I’ve been thrown in the deep end. Of a deep ocean. In a tidal wave. And all I want to do is write my stories. [Well, and get people to read ‘em… ] Write a bio, they say. What do you want to know? I write, that’s what I do. [Well, ok, there’s more too, I’ll get to that later.]
I was perfectly content, perching on a certain social media all day [and by all day, I mean that the tab was open in my browser, NOT that I was actually ON there all day.] If I’m online, it’s open, and I’m online a LOT. As an Interior Designer I was using two interactive programs. And as a writer, I Google stuff ALL THE TIME. No, seriously, I do.
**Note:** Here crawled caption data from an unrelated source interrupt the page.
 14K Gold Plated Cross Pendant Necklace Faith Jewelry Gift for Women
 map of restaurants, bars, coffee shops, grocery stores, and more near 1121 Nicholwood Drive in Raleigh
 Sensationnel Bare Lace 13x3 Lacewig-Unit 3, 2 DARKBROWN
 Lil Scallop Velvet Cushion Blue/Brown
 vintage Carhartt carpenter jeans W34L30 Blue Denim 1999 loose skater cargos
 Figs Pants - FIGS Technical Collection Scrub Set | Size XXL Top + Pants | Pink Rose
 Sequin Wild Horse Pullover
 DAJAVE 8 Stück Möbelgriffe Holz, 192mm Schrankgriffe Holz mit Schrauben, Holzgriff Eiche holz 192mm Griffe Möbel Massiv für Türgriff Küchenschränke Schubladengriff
Of course I have email, and I text [although not a huge fan.]
Since the release of Tessa, I have sought to broaden my writer’s presence. I have joined writer’s pages and groups, I have subscribed to other author’s pages. I started a blog and revived another one, and this robin bird finally decided to tweet. It’s all about shouting to the world, “HEY! Look at me!” So, HEY, lookie here, look at me! And I’m overwhelmed.
Let me explain a little something about me. I’m a wee tad bit OCD. I know myself, if I started following blogs, I’d have to read each and every post, so I’ve avoided it. Same with Twitter. [truth be told, I was that way with Facebook until recently] There’s just not enough hours in the day, or a lifetime to keep up with it all. OVERLOAD!!! Warning, Will Robinson, danger.
And yet, here I am, blogging. Yippee. It’s not that I don’t enjoy it, ‘cause I do. I know at first I wasn’t sure what to say, but that’s not true. I’m a writer, there’s never nothing to say. Ever. EVER.
So, now you know. I’m learning to swim. And I think my feet are touching some sand in the murky waters, and I’m starting to wade through this media panoply. Can’t make promises, not yet, gotta get the rhythm of it yet, but my goal is to post a new blog at least once a week, to introduce myself. That and write my stories.